• _Recorded information_:
[Start of Attachment]

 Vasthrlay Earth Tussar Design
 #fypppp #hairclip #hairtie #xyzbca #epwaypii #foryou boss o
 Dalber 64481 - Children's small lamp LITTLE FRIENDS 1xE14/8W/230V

[End of Attachment]

• _Task brief_: Copy the listing in full. Match it word for word.

• _Solved exercise_:
 Vasthrlay Earth Tussar Design
 #fypppp #hairclip #hairtie #xyzbca #epwaypii #foryou boss o
 Dalber 64481 - Children's small lamp LITTLE FRIENDS 1xE14/8W/230V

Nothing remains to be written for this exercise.